Aldus vastgesteld door mrs. J.P.A. Boersma, voorzitter, D.B. Bijl en D.J. de Korte, leden van de belastingkamer, in tegenwoordigheid van mr. L.B.M. van Bakel als griffier. De beslissing is op 10 maart 2008 in het openbaar uitgesproken.
Tegen deze uitspraak kan binnen zes weken na de verzenddatum beroep in cassatie worden ingesteld bij de Hoge Raad der Nederlanden (belastingkamer), Postbus 20303, 2500 EH Den Haag. Daarbij moet het volgende in acht worden genomen:
1 - bij het beroepschrift wordt een afschrift van deze uitspraak overgelegd.
2 - het beroepschrift moet ondertekend zijn en ten minste het volgende vermelden:
a. de naam en het adres van de indiener;
b. een dagtekening;
c. een omschrijving van de uitspraak waartegen het beroep in cassatie is gericht;
d. de gronden van het beroep in cassatie.

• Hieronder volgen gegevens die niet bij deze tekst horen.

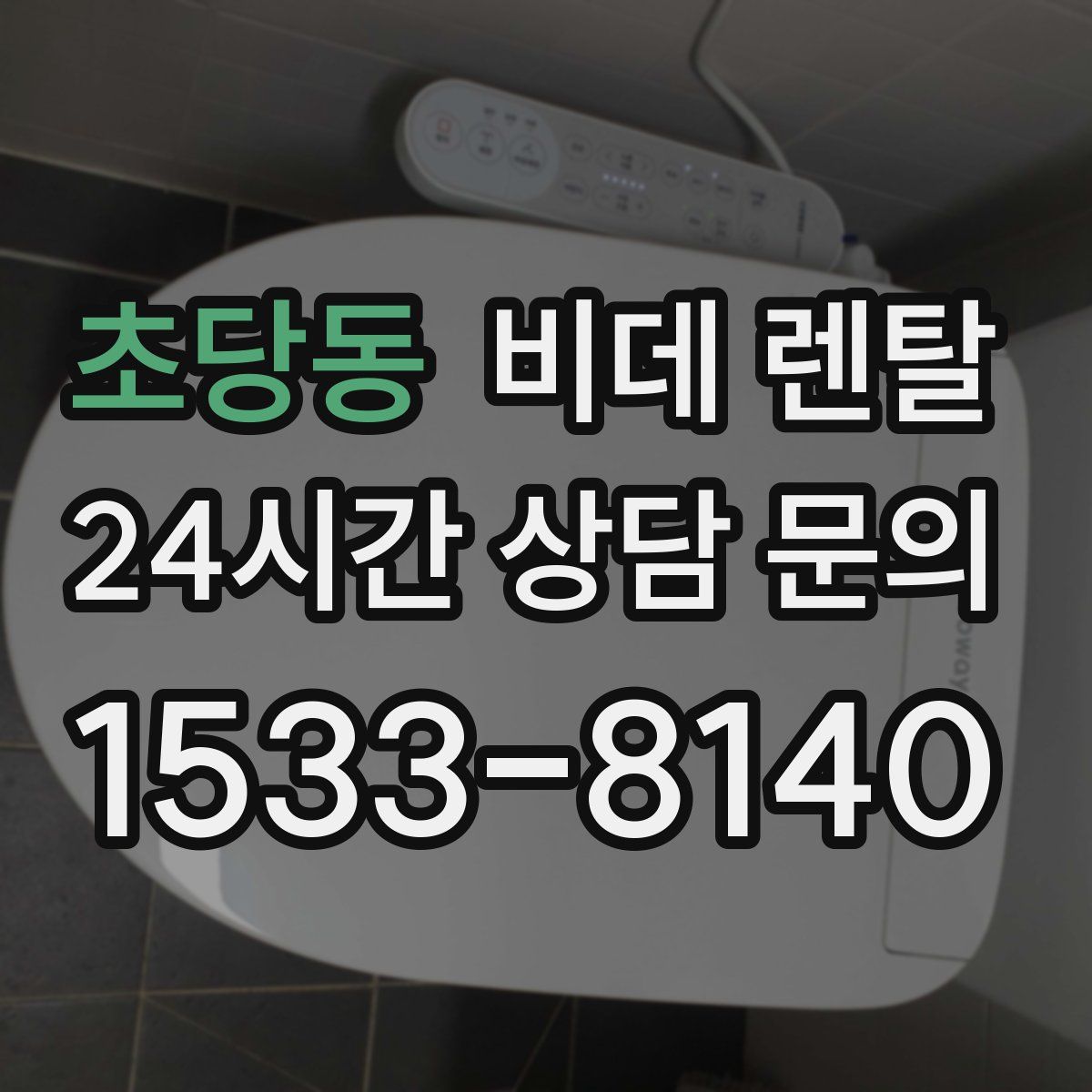초당동 비데 렌탈
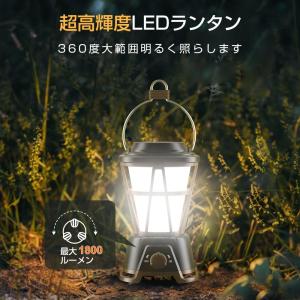 LEDランタン USB充電式 高輝度 1800...の詳細画像1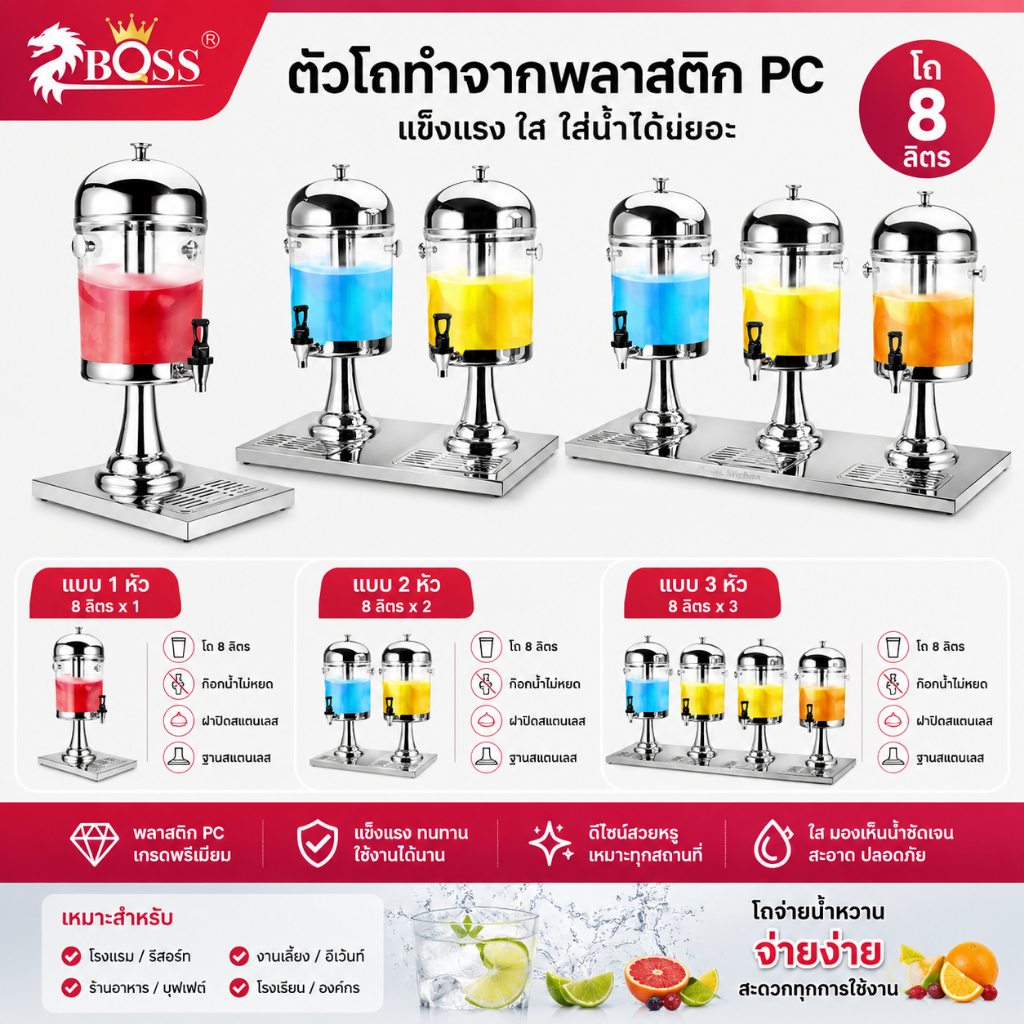 โถจ่ายน้ำหวาน 8 ลิตร โถจ่ายน้ำหวาน โหลจ่ายน้ำหวาน Juice โถจ่ายน้ำผลไม้ โถจ่ายเครื่องดื่ม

Voor het instellen van beroep in cassatie is griffierecht verschuldigd. Na het instellen van beroep in cassatie ontvangt de indiener een nota griffierecht van de griffier van de Hoge Raad.
In het cassatieberoepschrift kan de Hoge Raad verzocht worden om de wederpartij te veroordelen in de proceskosten.